Vendredi soir, Daniel Favier, directeur de la Briqueterie CDCN, nous fait visiter ce lieu de production dédié à la danse. Derrière lui, dans la coursive du premier étage, une exposition sur les friches culturelles d’Île-de-France. À la briqueterie, installée dans une ancienne usine de Vitry-sur-Seine, patrimoine industriel et pratiques artistiques se rencontrent.

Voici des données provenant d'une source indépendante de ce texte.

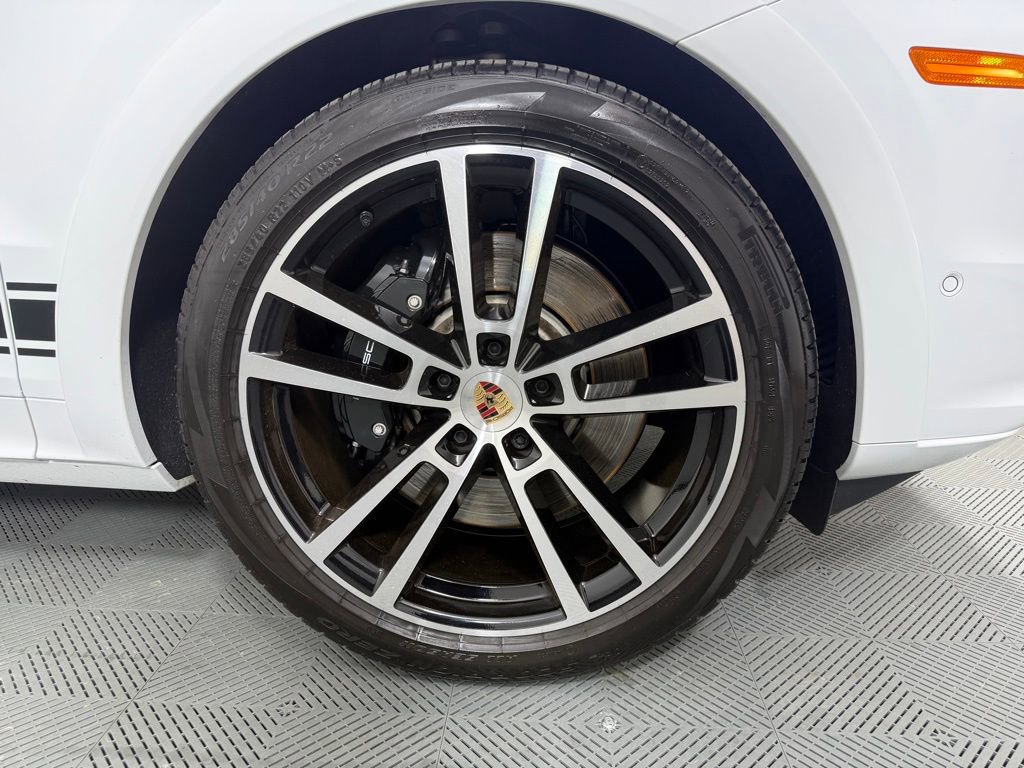 Certified 2025 Porsche Cayenne GTS image 14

Fondée en 1868, sur un ancien parc de château, la « Briqueterie de Gournay » est restée active jusqu’en 1966. Accueillant des ouvriers de l’Europe entière, elle a contribué à l’expansion de Paris et de sa banlieue, jusqu’à ce que le parpaing remplace la brique. Après avoir été investi de manière temporaire par la société Mécalix, le bâtiment tombe en friche jusqu’à ce que Michel Caserta, directeur de la Biennale de danse du Val-de-Marne, décide de le transformer en Centre de développement chorégraphique national (CDCN). C’est l’architecte Philippe Prost qui se charge de sa réhabilitation. Les murs de brique et la cheminée sont conservés et augmentés d’une structure de verre et d’acier qui ouvrent de larges coursives sur les côtés. Trois studios de répétitions, un studio-scène, un jardin paysager et un théâtre de plein-air sont aménagés. Le lieu du travail ouvrier se change en lieu de travail artistique où les compagnies de danse viennent répéter avant de se produire en France et dans le monde entier.

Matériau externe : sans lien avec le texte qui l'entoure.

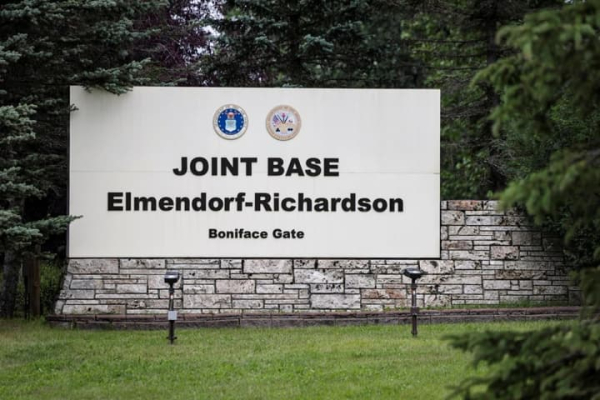 ЗМІ показали фото військової бази, де завтра зустрінуться Трамп і путін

Ce soir, dans le grand studio, Brigitte Seth et Roser Montlló Guberna, qui dirigent la compagnie Toujours après minuit, nous présentent un extrait de leur spectacle qui se jouera au Théâtre de Chaillot en janvier. Il s’agit d’une adaptation théâtrale et chorégraphique d’Américains d’Amérique de Gertrud Stein, rebaptisé Family Machine. L’histoire sur trois générations d’une famille ayant émigré aux États-Unis. Sur scène Brigitte Seth incarne Gertrud Stein, elle nous raconte la longue marche de ses ancêtres migrants à travers le désert. Les danseurs qui représentent les membres de la famille parcourent le plateau, accrochés les uns aux autres, comme les profils d’une frise. Entre la statuaire et la danse, ils composent un monument mobile et vivant. Trois générations : grands-parents, parents, enfants, c’est le temps que nous passons ensemble sur terre. Pour nous qui faisons le Grand Tour du Boulevard des Arts, l’histoire de l’Amérique qui peut sembler lointaine résonne avec celle des habitants des villes que nous traversons, de passage pour un temps sur un territoire en mutation.